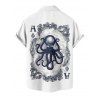 Chemise de vacances pour homme à imprimé cartes à jouer poulpe, boutonnée, retroussée, manches courtes, décontractée - Blanc 5XL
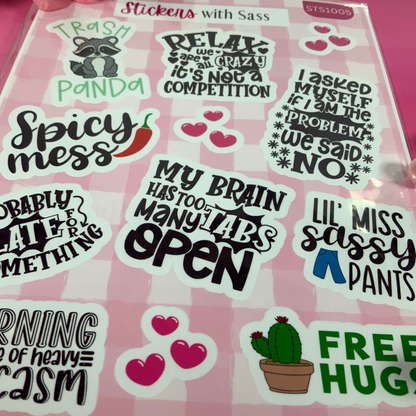 Sheet of humorous stickers with various sayings on a pink background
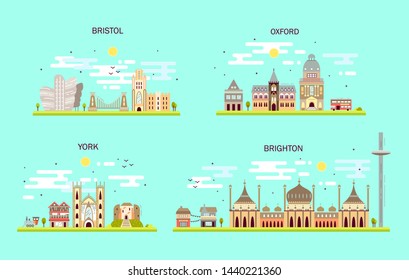 Business city in England. Detailed architecture of Bristol, Oxford, York, Brighton. Trendy illustration, flat art style.
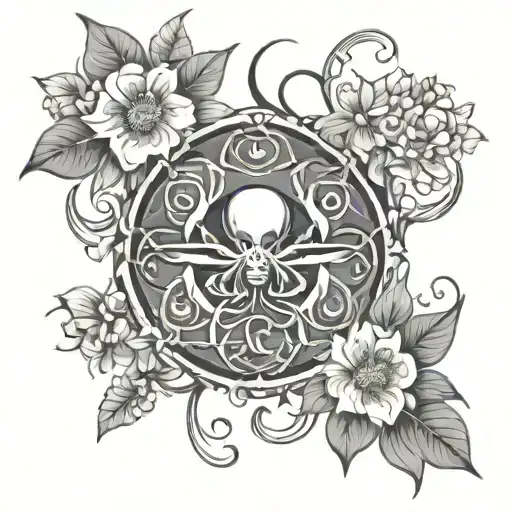 Cancer Symbol Surrounded By Honeysuckle Flowers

- [Exercise description] The full listing above, duplicated exactly and without its pictures, is the answer.

- [Output of the exercise]
 Chemise de vacances pour homme à imprimé cartes à jouer poulpe, boutonnée, retroussée, manches courtes, décontractée - Blanc 5XL
 Sheet of humorous stickers with various sayings on a pink background
 Business city in England. Detailed architecture of Bristol, Oxford, York, Brighton. Trendy illustration, flat art style.
 Cancer Symbol Surrounded By Honeysuckle Flowers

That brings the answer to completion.